Annie found the website she'd been looking at and showed him the section titled "Recovery."
"Can I trust this one?" said Tucker.
"It's the National Health Service. They usually want to keep you out of the hospital. The government can't afford you, and anyway the hospitals kill you."
"Okay. Hey, there's a whole sex section. 'Having sex will not put you at further risk of another heart attack.' We're good to go."
"It also says that most people will feel comfortable about resuming sexual activity about four weeks after a heart attack."
"I'm not most people. I feel comfortable now."
"And then there's that bit."
She pointed at the screen, and Tucker read from it.
"A thirty-percent chance of erectile dysfunction. That's good."
"Because if there's nothing going on, you needn't blame yourself. Even though it would probably be your fault."
"There won't be any erectile dysfunction," said Annie, mock confidently.
She was blushing, of course, but they were looking at a screen in the dark of the office, and Tucker didn't notice, so for a moment she wanted to undercut the moment out loud-clap a hand over her mouth, or make a joke at her own expense-but she resisted the urge, and . . . well, there was an atmosphere, she thought. She wasn't sure she'd ever created an atmosphere before, and she would never have thought it could be achieved by talking to a man with health problems about erectile dysfunction. It was just as well, really. For the best part of forty years she had genuinely believed that not doing things would somehow prevent regret, when, of course, the exact opposite was true.

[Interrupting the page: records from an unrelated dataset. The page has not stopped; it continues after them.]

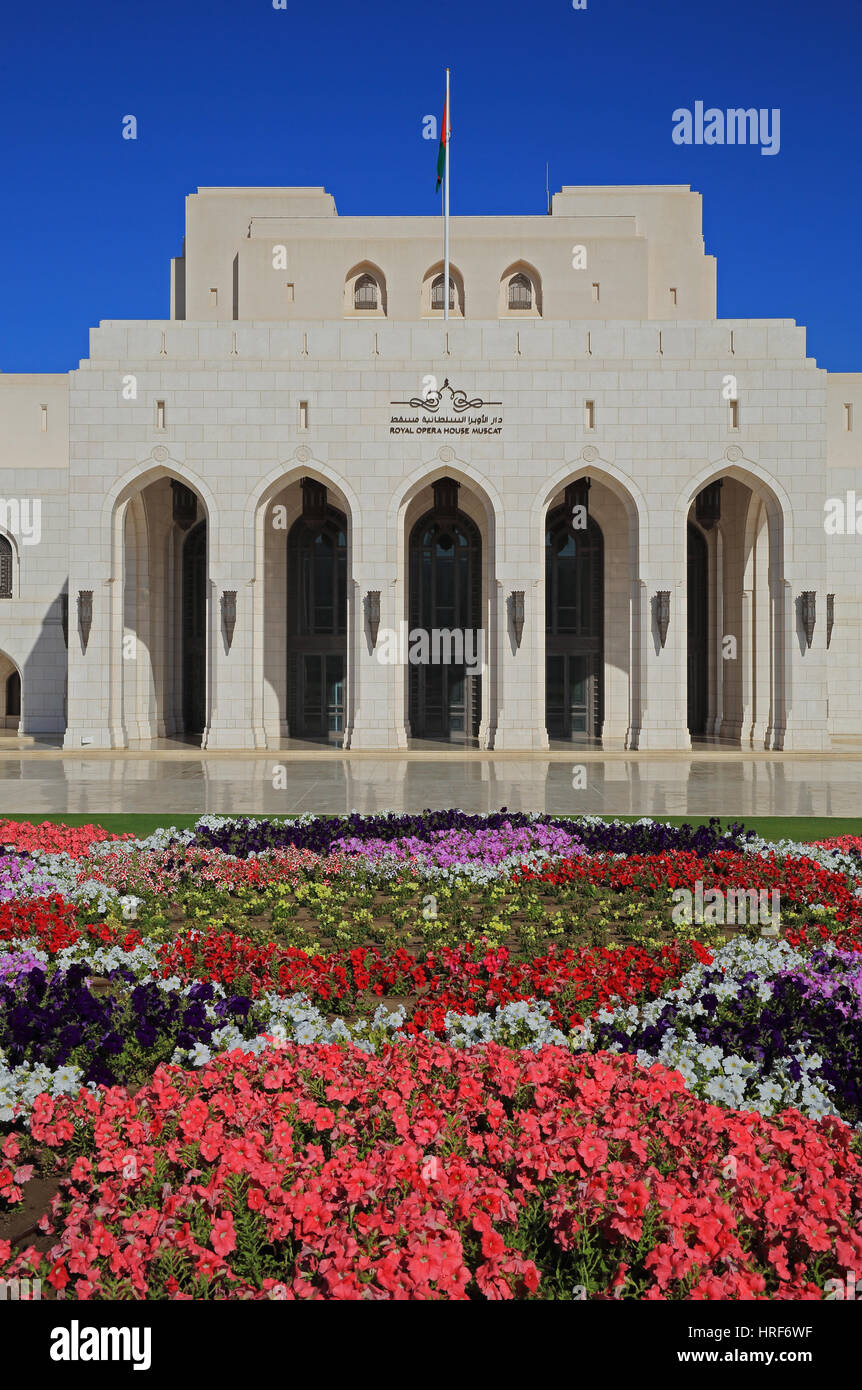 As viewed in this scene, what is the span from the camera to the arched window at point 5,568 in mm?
31609

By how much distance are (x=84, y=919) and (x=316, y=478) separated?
1839cm

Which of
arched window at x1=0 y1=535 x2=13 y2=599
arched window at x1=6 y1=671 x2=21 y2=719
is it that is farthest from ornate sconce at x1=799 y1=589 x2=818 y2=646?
arched window at x1=6 y1=671 x2=21 y2=719

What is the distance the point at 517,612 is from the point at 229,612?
7431 mm

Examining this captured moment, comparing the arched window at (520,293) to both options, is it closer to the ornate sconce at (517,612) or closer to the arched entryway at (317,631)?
the arched entryway at (317,631)

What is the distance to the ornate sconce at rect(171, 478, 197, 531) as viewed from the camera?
28.5m

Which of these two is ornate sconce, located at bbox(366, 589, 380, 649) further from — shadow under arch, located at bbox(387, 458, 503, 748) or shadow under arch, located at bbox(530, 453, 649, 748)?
shadow under arch, located at bbox(530, 453, 649, 748)

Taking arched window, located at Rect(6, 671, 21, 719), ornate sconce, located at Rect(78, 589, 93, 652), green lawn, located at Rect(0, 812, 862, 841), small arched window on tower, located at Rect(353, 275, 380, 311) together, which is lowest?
green lawn, located at Rect(0, 812, 862, 841)

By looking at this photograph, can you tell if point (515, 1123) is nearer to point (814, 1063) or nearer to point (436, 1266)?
point (436, 1266)

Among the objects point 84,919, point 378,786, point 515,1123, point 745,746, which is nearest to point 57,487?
point 378,786

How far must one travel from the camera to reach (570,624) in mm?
29719

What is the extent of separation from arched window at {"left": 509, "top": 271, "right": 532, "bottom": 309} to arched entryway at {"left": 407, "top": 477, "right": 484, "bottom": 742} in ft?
26.8

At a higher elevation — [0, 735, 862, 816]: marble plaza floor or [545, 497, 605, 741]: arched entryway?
[545, 497, 605, 741]: arched entryway

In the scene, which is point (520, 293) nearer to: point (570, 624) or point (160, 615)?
point (570, 624)

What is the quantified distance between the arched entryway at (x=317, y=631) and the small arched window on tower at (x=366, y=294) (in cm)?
778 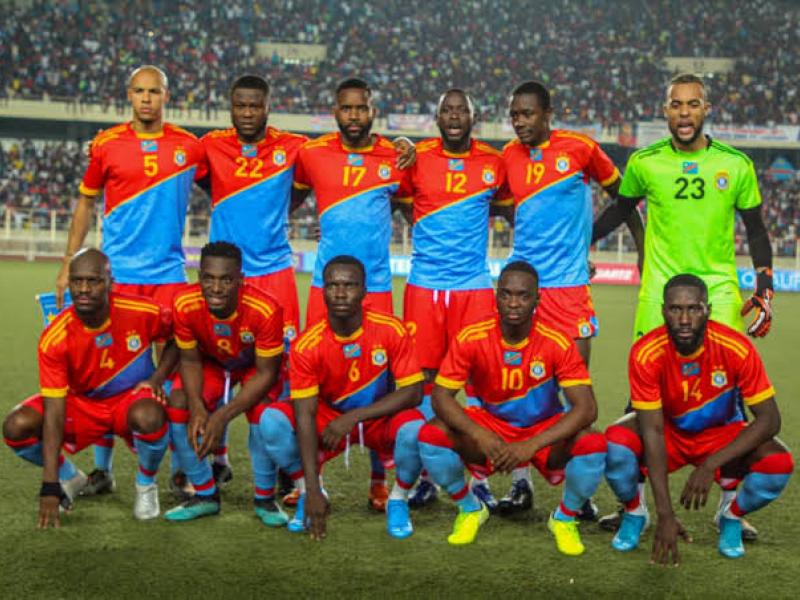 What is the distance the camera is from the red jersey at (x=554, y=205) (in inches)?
199

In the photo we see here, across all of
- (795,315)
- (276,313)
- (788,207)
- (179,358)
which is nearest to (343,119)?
(276,313)

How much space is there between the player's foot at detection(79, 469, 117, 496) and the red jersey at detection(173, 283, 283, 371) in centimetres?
83

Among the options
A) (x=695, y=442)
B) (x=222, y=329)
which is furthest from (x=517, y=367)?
(x=222, y=329)

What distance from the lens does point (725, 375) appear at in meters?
4.09

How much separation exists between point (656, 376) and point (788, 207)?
1152 inches

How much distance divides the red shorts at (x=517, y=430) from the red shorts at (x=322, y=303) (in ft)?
2.64

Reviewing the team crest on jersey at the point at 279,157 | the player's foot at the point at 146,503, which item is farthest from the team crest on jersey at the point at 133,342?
the team crest on jersey at the point at 279,157

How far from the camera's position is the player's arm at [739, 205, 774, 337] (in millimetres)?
4449

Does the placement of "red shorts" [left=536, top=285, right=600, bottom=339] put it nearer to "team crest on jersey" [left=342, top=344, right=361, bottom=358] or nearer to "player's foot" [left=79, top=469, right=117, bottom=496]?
"team crest on jersey" [left=342, top=344, right=361, bottom=358]

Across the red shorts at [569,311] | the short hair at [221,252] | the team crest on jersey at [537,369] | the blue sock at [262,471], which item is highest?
the short hair at [221,252]

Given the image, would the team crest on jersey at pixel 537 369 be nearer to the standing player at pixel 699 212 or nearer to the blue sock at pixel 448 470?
the blue sock at pixel 448 470

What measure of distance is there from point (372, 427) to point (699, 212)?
6.09 feet

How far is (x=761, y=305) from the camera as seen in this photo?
4484 mm

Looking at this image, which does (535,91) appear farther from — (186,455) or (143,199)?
(186,455) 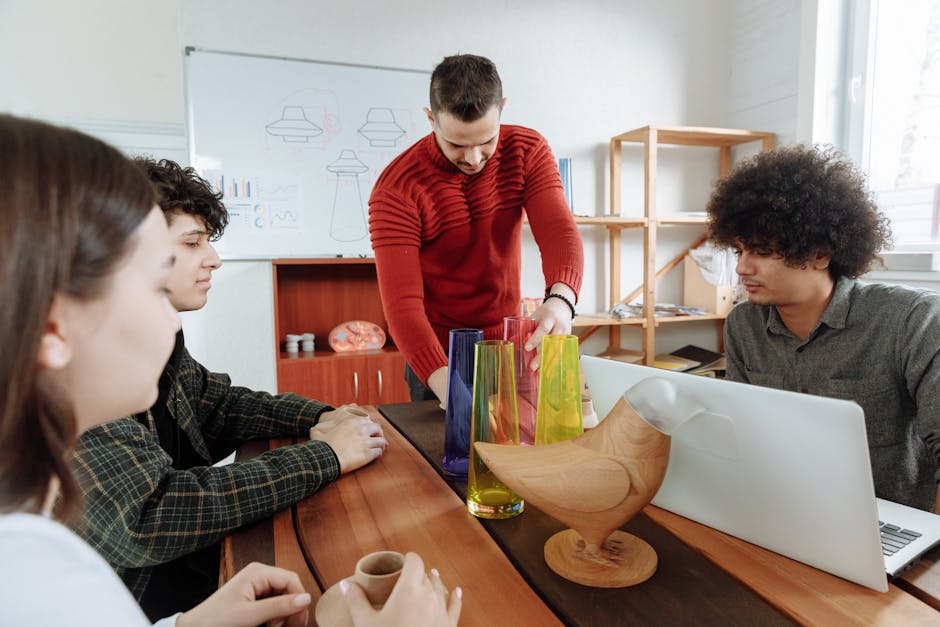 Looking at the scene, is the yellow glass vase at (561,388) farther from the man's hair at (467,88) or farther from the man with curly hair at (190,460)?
the man's hair at (467,88)

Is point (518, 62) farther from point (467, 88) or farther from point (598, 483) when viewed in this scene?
point (598, 483)

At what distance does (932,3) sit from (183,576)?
3271 millimetres

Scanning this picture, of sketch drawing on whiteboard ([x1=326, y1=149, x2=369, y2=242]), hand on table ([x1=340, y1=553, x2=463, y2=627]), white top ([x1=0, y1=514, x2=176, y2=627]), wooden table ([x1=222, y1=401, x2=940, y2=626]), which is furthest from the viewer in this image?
sketch drawing on whiteboard ([x1=326, y1=149, x2=369, y2=242])

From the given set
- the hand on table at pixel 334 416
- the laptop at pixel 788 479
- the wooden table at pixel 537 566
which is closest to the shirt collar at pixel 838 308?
the laptop at pixel 788 479

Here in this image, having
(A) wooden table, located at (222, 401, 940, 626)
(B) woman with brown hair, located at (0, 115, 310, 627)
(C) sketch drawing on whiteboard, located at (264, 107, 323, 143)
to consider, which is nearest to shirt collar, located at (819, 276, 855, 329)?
(A) wooden table, located at (222, 401, 940, 626)

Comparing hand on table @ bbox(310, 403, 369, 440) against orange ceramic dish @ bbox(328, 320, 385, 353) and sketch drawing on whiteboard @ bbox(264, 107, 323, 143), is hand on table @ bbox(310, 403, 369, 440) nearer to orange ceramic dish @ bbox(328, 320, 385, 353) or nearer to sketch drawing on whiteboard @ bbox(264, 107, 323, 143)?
orange ceramic dish @ bbox(328, 320, 385, 353)

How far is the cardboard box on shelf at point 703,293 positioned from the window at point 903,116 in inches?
32.3

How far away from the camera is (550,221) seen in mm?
1553

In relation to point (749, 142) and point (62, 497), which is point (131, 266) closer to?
point (62, 497)

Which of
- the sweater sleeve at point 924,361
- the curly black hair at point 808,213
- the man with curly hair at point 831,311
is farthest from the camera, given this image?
the curly black hair at point 808,213

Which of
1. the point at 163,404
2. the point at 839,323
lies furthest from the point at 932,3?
the point at 163,404

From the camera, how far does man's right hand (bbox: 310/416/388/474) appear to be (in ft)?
3.26

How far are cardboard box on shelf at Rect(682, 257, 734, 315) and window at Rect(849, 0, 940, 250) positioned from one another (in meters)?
0.82

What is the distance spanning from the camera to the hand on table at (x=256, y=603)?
23.1 inches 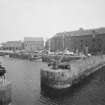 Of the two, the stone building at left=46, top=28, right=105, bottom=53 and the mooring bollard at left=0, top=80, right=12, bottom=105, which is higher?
the stone building at left=46, top=28, right=105, bottom=53

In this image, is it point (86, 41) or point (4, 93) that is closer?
point (4, 93)

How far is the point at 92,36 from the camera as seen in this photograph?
60.7m

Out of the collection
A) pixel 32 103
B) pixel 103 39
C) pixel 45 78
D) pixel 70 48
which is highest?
pixel 103 39

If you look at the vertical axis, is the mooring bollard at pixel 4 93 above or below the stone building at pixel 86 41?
below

Her youth was over, but there might be some life left in life yet.
They kissed for the first time then, while the NHS website glared at them; they kissed for so long that the computer went to sleep. Annie wasn't blushing anymore, but she was feeling embarrassingly emotional and she was worried that she'd start to cry, and he'd think she had too much invested in him, and he'd change his mind about the sex. If he asked her what the problem was, she'd tell him she always got weepy after exhibition openings.